Speakout Columns
Oh, that dastardly chalk
Feb 1, 2007 12:07 PM
Chalk it seems, if not used correctly, can prevent children from learning. Who ever would have thought such a thing? I have always known that chalk dust can be annoying: gathering, as it so often does, on the rail at the bottom of the blackboard and then on your hands and on your clothes. Yes, it definitely can be annoying. But never in my wildest dreams had I really considered it as something that was interfering with the education of our students. Silly me.
These last few years there has been an undertaking by the city bigwigs in the Department of Education to try to find out why our children are not achieving the levels and standards expected of them. Obvious variables like language barriers, poverty, family problems, immigration issues, classroom overcrowding, lack of materials and facilities, etc., were pushed to the side. Instead in this quest for the truth, great efforts were made to look closely inside the very classrooms where these children were supposedly being taught. The problem, it seemed, had to lie there. Remove this problem and the learning process would finally begin to happen. Now, three or four years into this search, for the sake of our students and their parents who entrust this city with the education of their children, we must look at what it is they found and how those problems were to be addressed.
The first to be addressed was classroom chalk. Chalk had to be replaced with big bright colorful Crayola markers. However, not only was it the discovery of the harmful effects of classroom chalk that caught so many of us teachers off guard, it was also the potential dangers that were inherent in the blackboard. Chalk and the blackboard: Two staples of the American classroom for god only knows how long were now relegated to the “harmful” category. The blackboard, as such, was all but replaced with giant white post-its. We call this “chart paper,” but it is, in fact, just giant white replicas of the little yellow post-it notepads. There would no longer be “chalk and talk” in any of the rooms. Instead it would be “Crayola markers and talk.”

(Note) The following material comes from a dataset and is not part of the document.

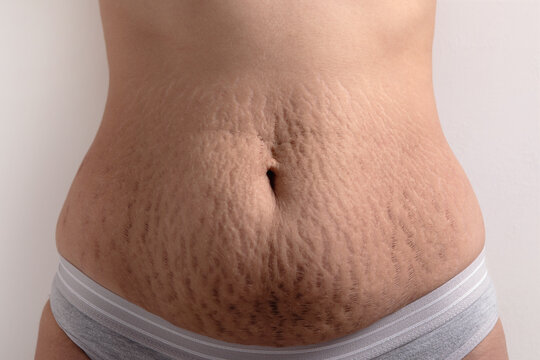 female belly with stretch marks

But the city bigwigs were not done yet. No, no, no. Next it was the front of the room. I thought this might have something to do with the fact that the children had been looking at the dangerous blackboard that had writing on it done in that dreaded chalk. But no, it wasn’t that at all. It seems that it’s bad for a nurturing learning environment if students are all seated facing the front of the room, even if it’s the giant white post-its that are being used with the big bright colored markers. It seemed that the front of the room in and of itself was what was harmful if looked at for too long a period. Like looking into a bright light, I guess.
The way around this problem was to movethe desks turned away from the front of the room and set up facing one another. This helped the students so that they would no longer have to twist their necks when they need to turn to gossip with their fellow students. It seems, along with the chalk and the blackboard and the front of the room, this twisting and turning of the necks to talk to one another was causing a great deal of concern, too. Now the students could simply face their fellows all day long, often sitting in groups of five or six at a time. Almost none of them would then be facing the front of the room — where, I might add, the teacher would not be anyway.
Because this part of the room was now to be considered a hazardous area, teachers were instructed not to stay there too long. Instead they should walk around the room, hopefully not distracting the students who should be focused on one another rather than on the teacher. The teacher would now have to keep walking in and out between the desks, never standing in one place lest the children get too comfortable looking at him or her. The superintendent of my district, Diane Kay, actually told the staff in my building during one of those professional development fiascos that the teachers should, in fact, try to stay in the background.
I guess that means we are the next problem that will need to be removed, along with the chalk and the blackboard and the front of the room. I only hope someone informs all those private schools and the top universities in our land of the dangers they are messing with by not following New York City’s lead. It’s a wonder anyone learns a thing in those places, what with all the blackboards and treacherous chalk.
Dermot Smyth teaches social studies and is the chapter leader at IS 5 in Queens.